313/313 [==============================] - 3s 11ms/step

	Pred	Label
0	0	0
1	1	1
2	2	2
3	2	2
4	3	3

c_cnn = alt.Chart(df_cnn).mark_rect().encode(
    x="Label:N",
    y="Pred:N",
    color=alt.Color('count()', scale=alt.Scale(scheme='turbo'))
)

c_text_cnn = alt.Chart(df_cnn).mark_text(color="white").encode(
    x="Label:N",
    y="Pred:N",
    text="count()"
)

(c_cnn+c_text_cnn).properties(
    height=400,
    width=400
)

We can see an improvement of number of correctly predicted images on the chart. However, T-shirts and shirts are still the most confounding items due to their nature of similarity.

Summary¶

Either summarize what you did, or summarize the results.

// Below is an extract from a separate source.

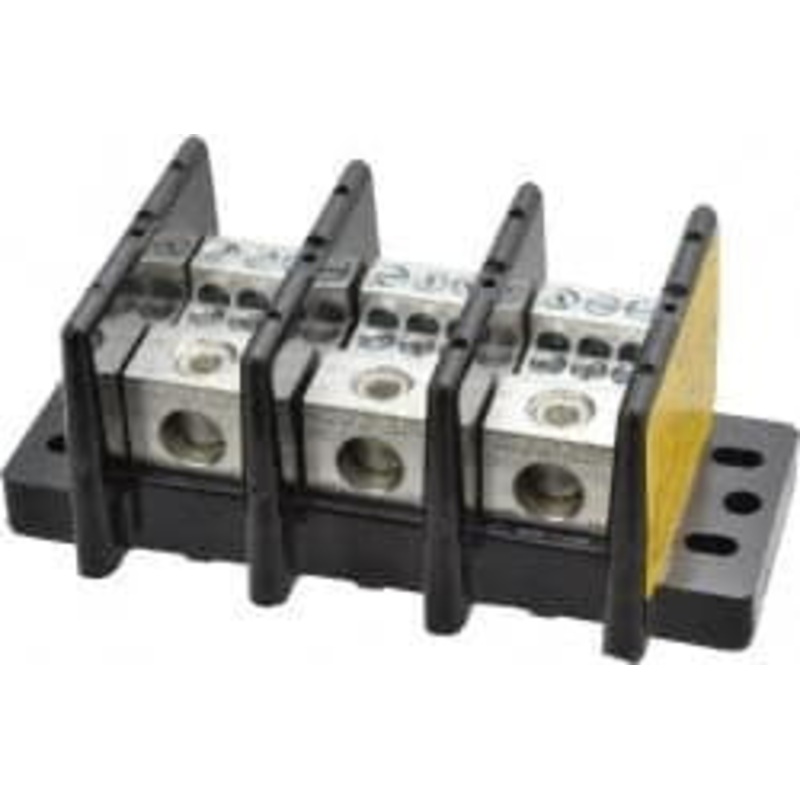 Bussmann 3 Poles, 175 Amp, 8-2/0 AWG (Al), 14-2/0 AWG (Cu) Primary, 4-14 AWG (Cu), 4-8 AWG (Al) Secondary, Thermoplastic Power Distribution Block 600 VAC/VDC, 1 Primary Connection, 5.2 Inch Long x 3.32 Inch Deep x 4 Inch High 16021-3 - 84720390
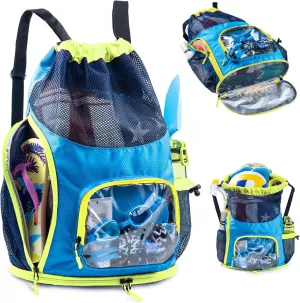 Drawstring Backpack Sandproof - Mesh Backpack Beach Bag with Shoe Compartment - Swim Bag for Beach, Pool - Pool Bag with Pockets for Toiletries - Wet Bag for Swimsuit - Summer Camp Essentials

Maybe 3 sentences.

On the Fashion MNIST dataset, CNN model with appropriate parameters outperform the logistic regression, by around 6%. The logistic regression can serve as a baseline in this type of image classification, while to improve the accuracy in general, we can use CNN model and fine tune the parameters to achieve better score.